The large number of researcher-only diagnoses that involve variants in genes (n = 10) not green-listed on the CRS panel is not surprising [17, 21]. This wide genetic spectrum likely reflects the pathogenesis of cranial suture fusion, whereby some genes that are recurrently mutated directly perturb intrinsic suture function [39], whereas for more rarely mutated genes, the mechanism may be more nonspecific, for example by predisposition to macrocephaly (which may trigger CRS in a restricted intrauterine environment), or by perturbation of the poorly understood interactions between brain enlargement and growth at the cranial sutures [39, 40]. Four of the genes identified (GPC3, PTCH1, SOX6, TRAF7) are now amber or red-listed in PanelApp, and pathogenic variants in ARID1B, CDK13, FBXO11 and HNRNPK have also been associated with CRS in a small number of cases (Table S5). We are not aware of previous descriptions of CRS associated with variants in BRWD3 or MMP21, but the other clinical features in these cases, in combination with the associated variants identified, were considered sufficient to assign pathogenic or likely pathogenic status. CRS may represent an extension of previously described phenotypes, the frequency of which will become evident as each pathological entity is better delineated.

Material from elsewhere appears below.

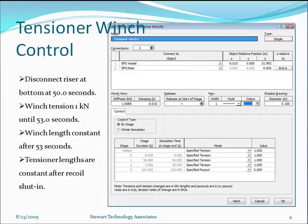The OrcaFlex winch control is shown here. The disconnected riser is disconnected at 50 seconds. The winch tension is held at just one kilonewton until 53 seconds, simulating three seconds between the disconnect and the recoil shut-in. The winch length is constant after 53 seconds, effectively making the tensioner lengths constant after the recoil shut-in.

Identification of several of the variants has led to new molecular diagnostic insights, as illustrated by publications on SMAD6 [19], SOX6 [28], and ERF [31]; additionally, the partial duplication of the HOXC cluster (case 22) gives rise to an apparently novel combination of phenotypes. Many other discoveries from the combined clinical research approach have been reported in other disease domains of 100kGP [27].

Our analysis of CRS may not be representative of 100kGP data overall. Craniosynostosis likely represents a stringent test of the GS pipeline, given the extensive prior molecular and phenotypic screening undertaken before case recruitment (Box S1), and because CRS is known to be associated with a long tail of rare genetic diagnoses [17, 21]. The reliance of GE/GMC on a panel-based diagnostic approach was evidently not well suited to this scenario. Nevertheless this “truth” data set provides test cases to evaluate future improvements to the NHS pipelines, as well as valuable insights into ways to optimize implementation of clinical GS more generally.